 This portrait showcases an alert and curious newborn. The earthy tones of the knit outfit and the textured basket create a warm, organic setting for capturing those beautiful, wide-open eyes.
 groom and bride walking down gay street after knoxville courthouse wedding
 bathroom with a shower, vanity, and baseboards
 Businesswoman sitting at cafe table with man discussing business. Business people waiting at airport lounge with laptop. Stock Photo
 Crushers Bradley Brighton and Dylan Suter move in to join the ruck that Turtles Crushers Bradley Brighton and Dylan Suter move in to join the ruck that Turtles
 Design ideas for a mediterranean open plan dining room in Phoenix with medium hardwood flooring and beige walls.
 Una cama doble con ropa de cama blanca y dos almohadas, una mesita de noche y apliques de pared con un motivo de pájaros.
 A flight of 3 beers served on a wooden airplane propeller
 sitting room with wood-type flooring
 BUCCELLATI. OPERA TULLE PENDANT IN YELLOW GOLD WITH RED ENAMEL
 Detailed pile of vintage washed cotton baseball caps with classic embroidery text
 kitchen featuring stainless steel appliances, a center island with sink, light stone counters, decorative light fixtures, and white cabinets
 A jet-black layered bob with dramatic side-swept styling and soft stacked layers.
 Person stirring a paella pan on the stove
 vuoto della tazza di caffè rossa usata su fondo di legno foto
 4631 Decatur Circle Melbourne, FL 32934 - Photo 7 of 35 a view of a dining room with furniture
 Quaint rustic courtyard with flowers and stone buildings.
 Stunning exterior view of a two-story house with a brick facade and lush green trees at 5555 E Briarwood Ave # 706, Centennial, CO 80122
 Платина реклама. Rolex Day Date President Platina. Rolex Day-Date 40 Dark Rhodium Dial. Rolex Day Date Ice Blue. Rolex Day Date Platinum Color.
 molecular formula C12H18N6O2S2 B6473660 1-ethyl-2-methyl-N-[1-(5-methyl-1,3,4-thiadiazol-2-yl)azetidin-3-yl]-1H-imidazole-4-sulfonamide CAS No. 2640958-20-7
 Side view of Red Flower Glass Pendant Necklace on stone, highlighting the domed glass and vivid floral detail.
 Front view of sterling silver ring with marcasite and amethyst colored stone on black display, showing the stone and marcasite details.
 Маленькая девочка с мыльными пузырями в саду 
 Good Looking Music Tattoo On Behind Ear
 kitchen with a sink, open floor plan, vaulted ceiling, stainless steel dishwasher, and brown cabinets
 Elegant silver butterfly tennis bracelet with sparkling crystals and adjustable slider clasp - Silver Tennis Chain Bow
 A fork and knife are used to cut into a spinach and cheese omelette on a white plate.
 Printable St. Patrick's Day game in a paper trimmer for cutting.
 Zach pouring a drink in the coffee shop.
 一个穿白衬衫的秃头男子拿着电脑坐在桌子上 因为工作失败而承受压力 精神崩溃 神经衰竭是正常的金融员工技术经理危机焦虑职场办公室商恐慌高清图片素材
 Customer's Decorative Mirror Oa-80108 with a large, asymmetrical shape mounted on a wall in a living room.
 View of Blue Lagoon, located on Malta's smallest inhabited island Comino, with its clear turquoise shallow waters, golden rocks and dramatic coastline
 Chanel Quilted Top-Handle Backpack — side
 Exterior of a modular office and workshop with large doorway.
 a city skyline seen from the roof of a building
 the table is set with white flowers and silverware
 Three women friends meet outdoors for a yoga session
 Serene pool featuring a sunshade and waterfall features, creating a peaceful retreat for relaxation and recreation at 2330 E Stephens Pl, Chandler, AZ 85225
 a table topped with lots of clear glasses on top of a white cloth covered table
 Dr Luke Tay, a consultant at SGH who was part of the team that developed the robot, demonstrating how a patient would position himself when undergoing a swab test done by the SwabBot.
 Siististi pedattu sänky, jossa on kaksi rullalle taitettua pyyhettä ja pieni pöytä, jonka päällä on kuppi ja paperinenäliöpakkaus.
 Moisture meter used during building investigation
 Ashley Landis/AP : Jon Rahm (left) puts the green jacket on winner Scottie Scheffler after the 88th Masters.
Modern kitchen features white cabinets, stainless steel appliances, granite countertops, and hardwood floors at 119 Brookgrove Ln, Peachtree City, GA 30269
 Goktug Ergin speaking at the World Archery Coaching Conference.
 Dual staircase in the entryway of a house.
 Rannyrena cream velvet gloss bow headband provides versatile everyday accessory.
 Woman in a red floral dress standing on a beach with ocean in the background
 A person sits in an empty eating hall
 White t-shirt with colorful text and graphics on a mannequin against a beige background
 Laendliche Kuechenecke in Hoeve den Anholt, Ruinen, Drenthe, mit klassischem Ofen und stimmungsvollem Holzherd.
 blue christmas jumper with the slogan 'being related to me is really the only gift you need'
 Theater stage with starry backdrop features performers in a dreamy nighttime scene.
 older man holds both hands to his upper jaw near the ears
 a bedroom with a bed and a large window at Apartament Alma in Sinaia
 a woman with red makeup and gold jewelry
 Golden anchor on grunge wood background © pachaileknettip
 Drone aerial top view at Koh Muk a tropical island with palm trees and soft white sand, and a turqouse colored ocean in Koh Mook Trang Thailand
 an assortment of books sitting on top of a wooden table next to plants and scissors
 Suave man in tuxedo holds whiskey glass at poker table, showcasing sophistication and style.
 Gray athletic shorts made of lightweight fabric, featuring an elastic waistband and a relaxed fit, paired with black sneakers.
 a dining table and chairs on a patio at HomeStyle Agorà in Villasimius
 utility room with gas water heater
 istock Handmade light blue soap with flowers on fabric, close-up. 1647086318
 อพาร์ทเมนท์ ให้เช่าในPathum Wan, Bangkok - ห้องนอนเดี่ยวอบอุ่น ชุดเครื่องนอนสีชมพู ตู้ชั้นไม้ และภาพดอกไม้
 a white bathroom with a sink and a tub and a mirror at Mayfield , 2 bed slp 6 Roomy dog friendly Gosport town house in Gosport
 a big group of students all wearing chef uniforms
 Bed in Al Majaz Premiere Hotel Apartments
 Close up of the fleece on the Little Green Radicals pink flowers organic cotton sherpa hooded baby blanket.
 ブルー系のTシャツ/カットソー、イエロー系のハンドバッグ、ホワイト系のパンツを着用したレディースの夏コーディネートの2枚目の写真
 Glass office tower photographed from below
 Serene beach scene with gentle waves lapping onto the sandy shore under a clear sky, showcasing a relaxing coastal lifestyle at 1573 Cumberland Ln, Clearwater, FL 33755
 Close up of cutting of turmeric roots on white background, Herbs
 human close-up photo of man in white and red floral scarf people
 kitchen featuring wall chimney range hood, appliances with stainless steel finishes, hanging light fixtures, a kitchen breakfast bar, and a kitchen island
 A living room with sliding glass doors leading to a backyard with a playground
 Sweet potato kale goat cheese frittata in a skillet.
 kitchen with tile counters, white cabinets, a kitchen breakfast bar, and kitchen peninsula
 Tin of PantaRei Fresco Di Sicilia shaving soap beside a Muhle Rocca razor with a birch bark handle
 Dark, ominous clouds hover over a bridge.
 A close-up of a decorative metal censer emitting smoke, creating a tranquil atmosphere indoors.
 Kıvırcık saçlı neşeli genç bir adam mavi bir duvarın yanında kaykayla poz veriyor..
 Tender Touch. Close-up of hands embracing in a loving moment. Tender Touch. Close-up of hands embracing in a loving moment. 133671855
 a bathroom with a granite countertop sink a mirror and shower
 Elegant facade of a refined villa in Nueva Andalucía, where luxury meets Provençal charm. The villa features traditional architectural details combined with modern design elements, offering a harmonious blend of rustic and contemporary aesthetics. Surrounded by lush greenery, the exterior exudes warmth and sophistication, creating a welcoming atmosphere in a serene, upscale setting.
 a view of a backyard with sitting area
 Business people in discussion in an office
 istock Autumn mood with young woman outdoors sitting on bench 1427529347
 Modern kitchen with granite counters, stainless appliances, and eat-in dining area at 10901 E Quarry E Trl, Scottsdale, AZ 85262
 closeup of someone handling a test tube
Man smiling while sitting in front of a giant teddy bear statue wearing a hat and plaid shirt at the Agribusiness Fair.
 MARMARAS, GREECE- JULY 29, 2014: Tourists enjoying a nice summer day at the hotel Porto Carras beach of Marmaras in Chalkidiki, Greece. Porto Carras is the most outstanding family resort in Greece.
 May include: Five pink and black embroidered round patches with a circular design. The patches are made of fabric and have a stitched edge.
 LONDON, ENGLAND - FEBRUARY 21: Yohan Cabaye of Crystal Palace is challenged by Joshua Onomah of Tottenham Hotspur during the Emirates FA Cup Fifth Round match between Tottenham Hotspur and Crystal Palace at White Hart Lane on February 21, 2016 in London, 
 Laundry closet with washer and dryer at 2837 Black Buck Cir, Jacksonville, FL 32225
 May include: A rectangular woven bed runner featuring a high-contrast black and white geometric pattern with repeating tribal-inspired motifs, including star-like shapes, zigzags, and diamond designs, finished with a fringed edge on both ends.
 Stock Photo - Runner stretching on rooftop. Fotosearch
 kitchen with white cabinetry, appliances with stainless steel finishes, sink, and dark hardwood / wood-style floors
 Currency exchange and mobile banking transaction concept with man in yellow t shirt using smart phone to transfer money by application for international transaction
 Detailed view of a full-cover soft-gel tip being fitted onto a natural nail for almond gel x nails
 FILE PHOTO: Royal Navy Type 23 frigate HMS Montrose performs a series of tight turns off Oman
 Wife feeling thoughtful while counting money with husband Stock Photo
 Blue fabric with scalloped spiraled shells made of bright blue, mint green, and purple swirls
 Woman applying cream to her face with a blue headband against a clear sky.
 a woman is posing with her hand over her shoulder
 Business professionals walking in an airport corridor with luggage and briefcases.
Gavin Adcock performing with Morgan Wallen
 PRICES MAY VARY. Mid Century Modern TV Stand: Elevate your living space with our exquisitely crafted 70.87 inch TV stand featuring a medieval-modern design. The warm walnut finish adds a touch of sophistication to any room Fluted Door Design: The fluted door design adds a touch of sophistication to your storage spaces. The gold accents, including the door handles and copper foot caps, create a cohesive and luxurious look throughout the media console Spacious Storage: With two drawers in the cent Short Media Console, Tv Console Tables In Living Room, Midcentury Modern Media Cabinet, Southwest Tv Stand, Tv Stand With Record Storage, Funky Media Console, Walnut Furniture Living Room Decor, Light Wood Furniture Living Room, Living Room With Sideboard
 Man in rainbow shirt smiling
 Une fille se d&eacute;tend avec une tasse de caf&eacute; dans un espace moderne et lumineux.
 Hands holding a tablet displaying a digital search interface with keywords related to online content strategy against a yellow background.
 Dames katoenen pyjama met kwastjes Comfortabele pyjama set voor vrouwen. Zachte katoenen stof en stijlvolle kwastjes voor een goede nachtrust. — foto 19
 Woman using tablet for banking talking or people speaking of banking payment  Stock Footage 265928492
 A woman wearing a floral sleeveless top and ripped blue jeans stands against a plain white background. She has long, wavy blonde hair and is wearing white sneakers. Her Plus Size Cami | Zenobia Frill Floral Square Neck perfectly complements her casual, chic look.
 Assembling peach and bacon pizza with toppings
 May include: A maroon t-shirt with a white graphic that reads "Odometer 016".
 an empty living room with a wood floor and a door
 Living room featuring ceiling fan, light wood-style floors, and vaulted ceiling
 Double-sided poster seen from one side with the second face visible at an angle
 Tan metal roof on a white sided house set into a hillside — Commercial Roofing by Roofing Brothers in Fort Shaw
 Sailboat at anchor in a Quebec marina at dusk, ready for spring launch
________________
• [WORK INSTRUCTIONS]:
From the data above, output only the lines between the line containing "A flight of" and the line containing "Платина реклама. Rolex", inclusive, exactly as written.

• [EXPECTED ANSWER]:
 A flight of 3 beers served on a wooden airplane propeller
 sitting room with wood-type flooring
 BUCCELLATI. OPERA TULLE PENDANT IN YELLOW GOLD WITH RED ENAMEL
 Detailed pile of vintage washed cotton baseball caps with classic embroidery text
 kitchen featuring stainless steel appliances, a center island with sink, light stone counters, decorative light fixtures, and white cabinets
 A jet-black layered bob with dramatic side-swept styling and soft stacked layers.
 Person stirring a paella pan on the stove
 vuoto della tazza di caffè rossa usata su fondo di legno foto
 4631 Decatur Circle Melbourne, FL 32934 - Photo 7 of 35 a view of a dining room with furniture
 Quaint rustic courtyard with flowers and stone buildings.
 Stunning exterior view of a two-story house with a brick facade and lush green trees at 5555 E Briarwood Ave # 706, Centennial, CO 80122
 Платина реклама. Rolex Day Date President Platina. Rolex Day-Date 40 Dark Rhodium Dial. Rolex Day Date Ice Blue. Rolex Day Date Platinum Color.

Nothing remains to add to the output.